##### Task inputs #####

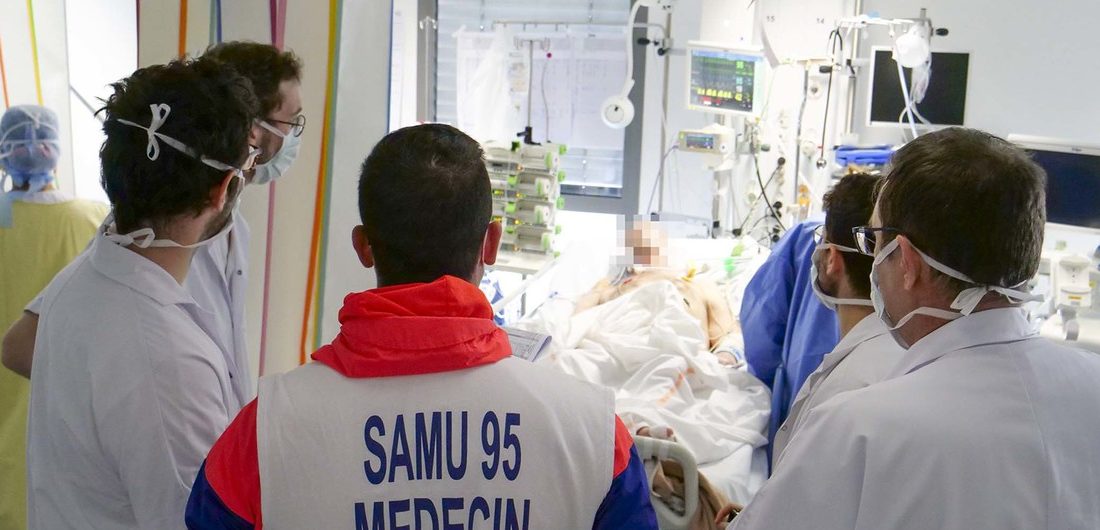 17 segundos paramedicos españa medicos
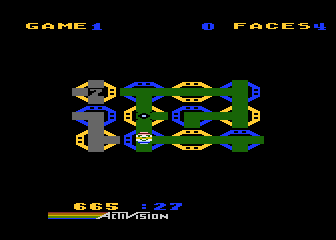 Zenji-Atari 5200
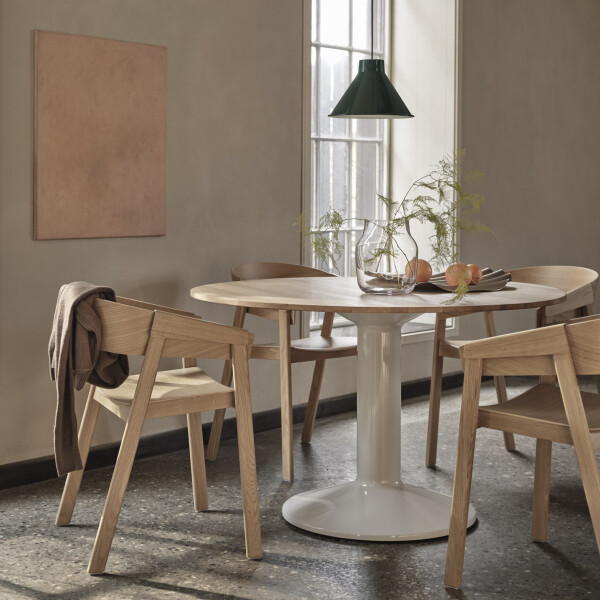 muuto midst table oak grey 120 lifestyle muuto kuva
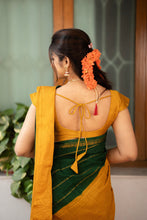 Anandita - kadhambari – Handcrafted Madurai Sungudi Saree in Soft Cotton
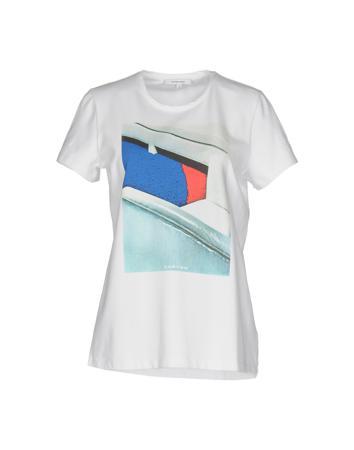 Футболка CARVEN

#####

# Directions for this task
Print every record above exactly as written, leaving out the pictures.

# Reply
 17 segundos paramedicos españa medicos
 Zenji-Atari 5200
 muuto midst table oak grey 120 lifestyle muuto kuva
 Anandita - kadhambari – Handcrafted Madurai Sungudi Saree in Soft Cotton
 Футболка CARVEN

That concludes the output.